* **ASSIGNMENT**: Find the line that contains "Casa de 1 habitación" in the entries below. Output it and each later line exactly, and nothing else.
--- DATA EXCERPTS ---
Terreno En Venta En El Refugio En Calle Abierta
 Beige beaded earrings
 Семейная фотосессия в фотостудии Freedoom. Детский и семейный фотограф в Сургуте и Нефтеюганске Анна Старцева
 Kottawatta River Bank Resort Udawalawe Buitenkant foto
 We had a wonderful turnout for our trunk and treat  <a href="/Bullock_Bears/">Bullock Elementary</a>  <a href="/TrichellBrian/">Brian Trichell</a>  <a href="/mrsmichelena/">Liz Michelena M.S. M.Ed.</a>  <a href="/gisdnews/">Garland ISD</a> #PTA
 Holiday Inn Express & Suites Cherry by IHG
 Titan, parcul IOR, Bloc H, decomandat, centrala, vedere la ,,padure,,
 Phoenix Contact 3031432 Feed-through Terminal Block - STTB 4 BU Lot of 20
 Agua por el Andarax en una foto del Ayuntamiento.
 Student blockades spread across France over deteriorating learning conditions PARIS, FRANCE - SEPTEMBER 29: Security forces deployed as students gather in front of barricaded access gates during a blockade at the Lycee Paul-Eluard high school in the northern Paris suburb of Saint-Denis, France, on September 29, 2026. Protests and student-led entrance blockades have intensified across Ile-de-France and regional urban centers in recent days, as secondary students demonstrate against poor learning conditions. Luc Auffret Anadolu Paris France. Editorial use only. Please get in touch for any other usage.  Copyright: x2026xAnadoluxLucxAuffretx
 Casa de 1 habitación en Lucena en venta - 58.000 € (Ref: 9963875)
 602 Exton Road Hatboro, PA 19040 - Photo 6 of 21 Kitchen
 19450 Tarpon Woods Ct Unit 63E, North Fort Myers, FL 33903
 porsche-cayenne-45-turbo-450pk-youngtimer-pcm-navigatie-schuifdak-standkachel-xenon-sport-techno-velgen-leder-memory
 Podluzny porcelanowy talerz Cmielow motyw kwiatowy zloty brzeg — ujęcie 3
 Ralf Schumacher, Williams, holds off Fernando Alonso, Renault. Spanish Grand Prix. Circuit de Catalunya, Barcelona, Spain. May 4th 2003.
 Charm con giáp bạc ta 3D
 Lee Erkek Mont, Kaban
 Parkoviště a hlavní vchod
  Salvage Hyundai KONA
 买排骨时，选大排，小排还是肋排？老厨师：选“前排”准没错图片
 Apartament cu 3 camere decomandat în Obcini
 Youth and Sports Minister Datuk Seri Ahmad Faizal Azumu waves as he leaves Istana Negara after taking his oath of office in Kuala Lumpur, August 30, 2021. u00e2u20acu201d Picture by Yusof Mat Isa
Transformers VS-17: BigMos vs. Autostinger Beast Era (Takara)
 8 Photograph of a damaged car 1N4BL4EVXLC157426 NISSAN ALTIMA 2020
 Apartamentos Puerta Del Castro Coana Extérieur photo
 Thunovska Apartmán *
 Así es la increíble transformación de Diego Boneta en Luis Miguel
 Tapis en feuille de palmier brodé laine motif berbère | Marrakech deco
---
* **ANSWER TO THE PROBLEM**:
 Casa de 1 habitación en Lucena en venta - 58.000 € (Ref: 9963875)
 602 Exton Road Hatboro, PA 19040 - Photo 6 of 21 Kitchen
 19450 Tarpon Woods Ct Unit 63E, North Fort Myers, FL 33903
 porsche-cayenne-45-turbo-450pk-youngtimer-pcm-navigatie-schuifdak-standkachel-xenon-sport-techno-velgen-leder-memory
 Podluzny porcelanowy talerz Cmielow motyw kwiatowy zloty brzeg — ujęcie 3
 Ralf Schumacher, Williams, holds off Fernando Alonso, Renault. Spanish Grand Prix. Circuit de Catalunya, Barcelona, Spain. May 4th 2003.
 Charm con giáp bạc ta 3D
 Lee Erkek Mont, Kaban
 Parkoviště a hlavní vchod
  Salvage Hyundai KONA
 买排骨时，选大排，小排还是肋排？老厨师：选“前排”准没错图片
 Apartament cu 3 camere decomandat în Obcini
 Youth and Sports Minister Datuk Seri Ahmad Faizal Azumu waves as he leaves Istana Negara after taking his oath of office in Kuala Lumpur, August 30, 2021. u00e2u20acu201d Picture by Yusof Mat Isa
Transformers VS-17: BigMos vs. Autostinger Beast Era (Takara)
 8 Photograph of a damaged car 1N4BL4EVXLC157426 NISSAN ALTIMA 2020
 Apartamentos Puerta Del Castro Coana Extérieur photo
 Thunovska Apartmán *
 Así es la increíble transformación de Diego Boneta en Luis Miguel
 Tapis en feuille de palmier brodé laine motif berbère | Marrakech deco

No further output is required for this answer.